Os que precisam de ajuda pra se levantar na vida, necessitam de mãos
amigas todos os dias e não apenas de receberem doações no período
natalino.
A caridade é uma virtude, que não está resumida ao ato de dar
esmolas, até porque quando damos esmolas, é exatamente o que não nos faz
falta, em essência nos livramos do que não precisamos.
Um exemplo cristão, por assim dizer (voltando ao sentido religioso da data), deve ser algo a ser demonstrado a todo o momento.
Descobri ainda criança que Papai Noel não existia, que era mentira e,
isso não me deixou infeliz, do contrário, cresci sabendo que se algo
deve ser trabalhado como símbolo da data, é exatamente Aquele que foi
capaz de dar sua vida para que os outros entendessem sua pregação e
pudessem ter uma vida diferente, Jesus Cristo.
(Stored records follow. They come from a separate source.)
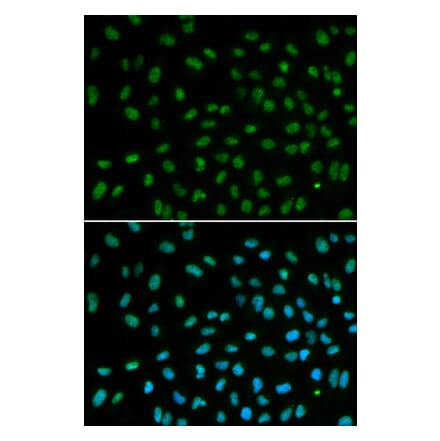 Immunofluorescence - Anti-DDB2 Antibody (A306959) - Antibodies.com
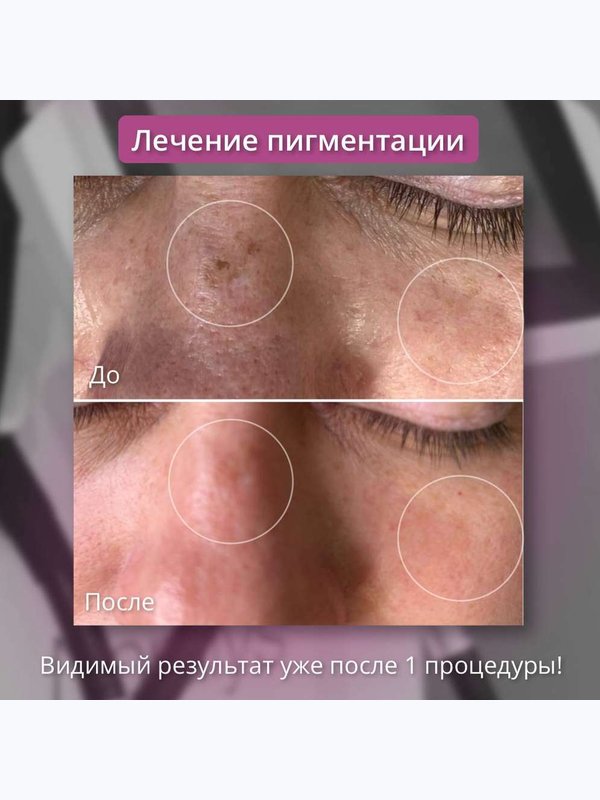 Удаление пигментации (фототерапия кожи). Нос
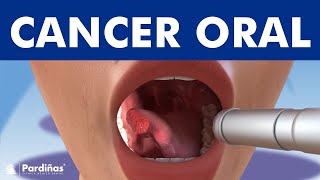 El cáncer oral y los tumores en la boca ©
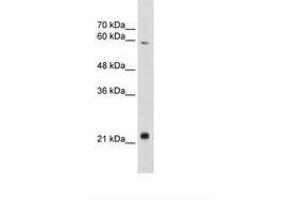 Image no. 1 for anti-Recombination Signal Binding Protein For Immunoglobulin kappa J Region-Like (RBPJL) (AA 110-159) antibody (ABIN203286) (RBPJL antibody  (AA 110-159))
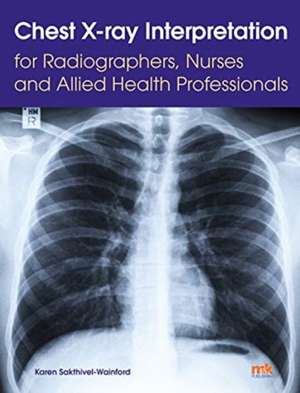 Chest X-ray Interpretation for Radiographers, Nurses and Allied Health Professionals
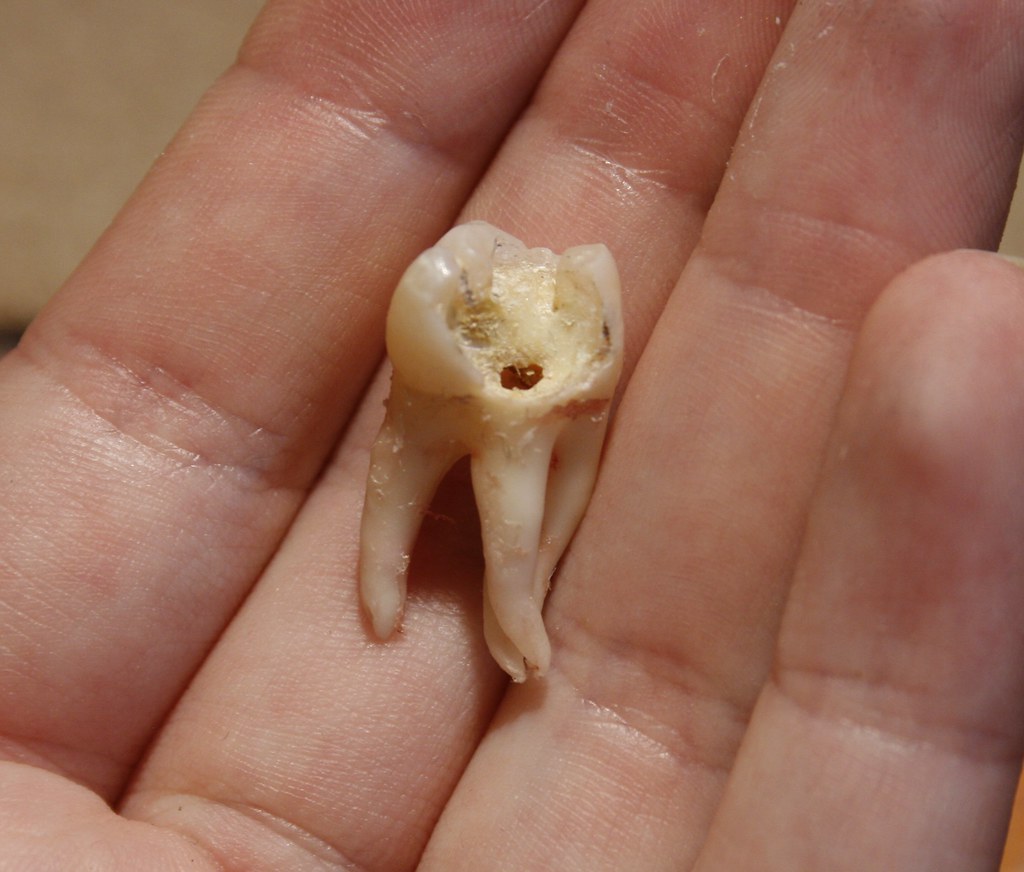 8 Jaw Ache Solutions After Filling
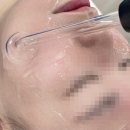 아진토탈케어 | 검단신도시 비비드엘 인천점에서 올인원 피부관리로 미백 잡티케어 한번에 하기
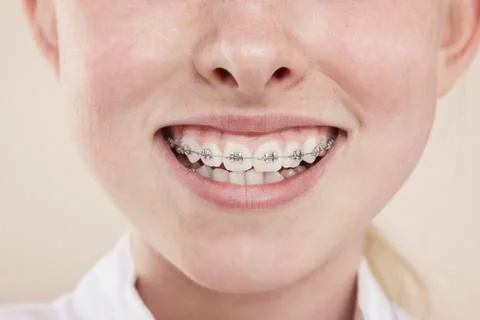 A smiling girl with braces on her teeth, close-up of mouth Stock Photos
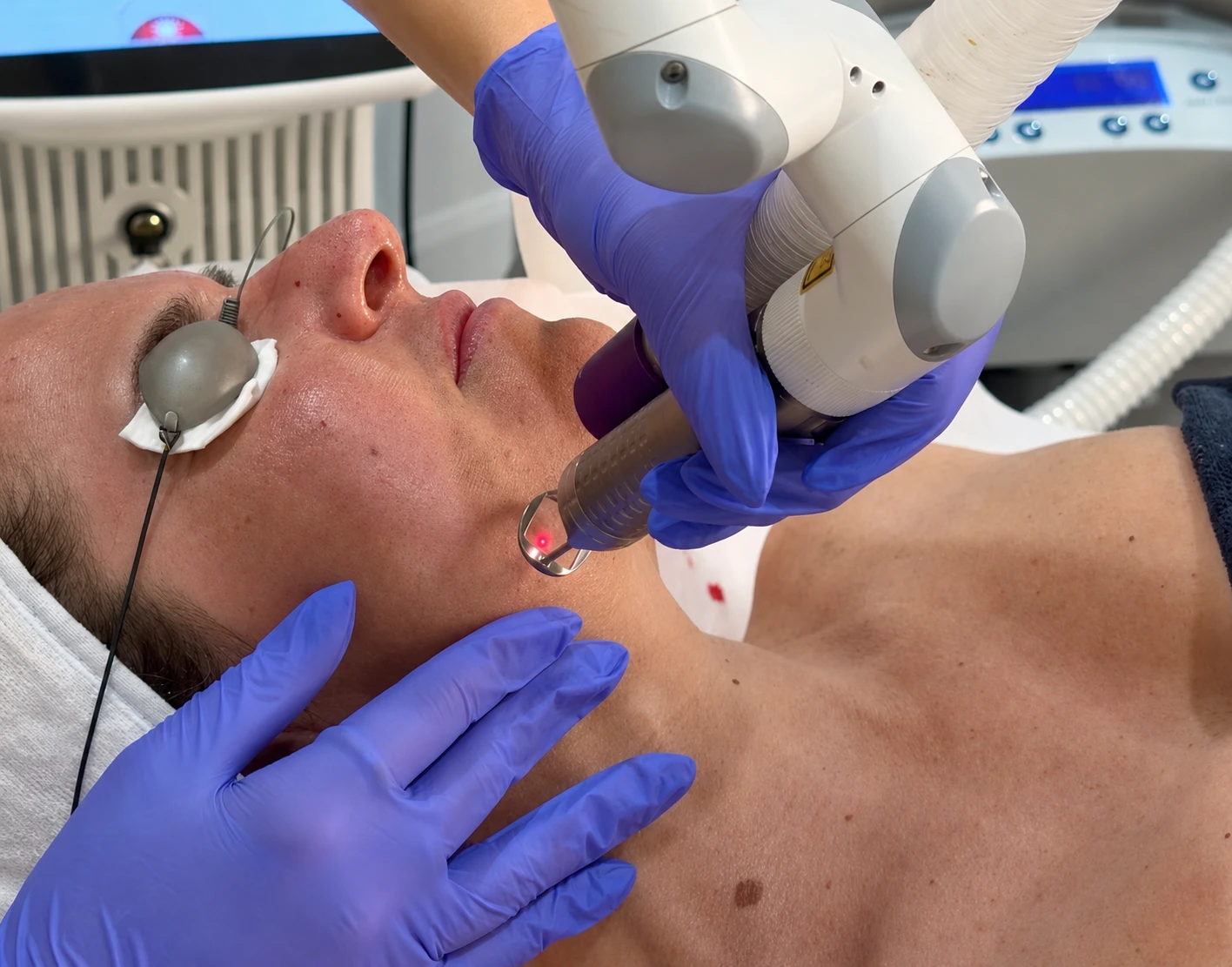 Une personne recevant un soin laser au visage avec un masque oculaire protecteur et des gants violets.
Seria muito importante que às pessoas em geral (sobretudo os que se
dizem cristãos), aprendessem que não é a mentira do Papai Noel, nem a
árvore ornamentada, nem o consumismo da roupa nova, nem a maquiagem, nem
o cabelo chapado ou o sapato novo, que representam a felicidade.
Uma reflexão bem feita fará com que se veja que os valores que faltam
à humanidade para se construir um mundo de paz, não estão representados
nas coisas materiais e sim na fraternidade, na solidariedade, no amor,
na capacidade de compartilhar e no respeito ao outro.
Final de ano é época de reflexão, de renovação, de avaliar os
aspectos positivos e negativos da construção diária da vida e, de nos
propormos a sermos pessoas melhores no ano que se inicia.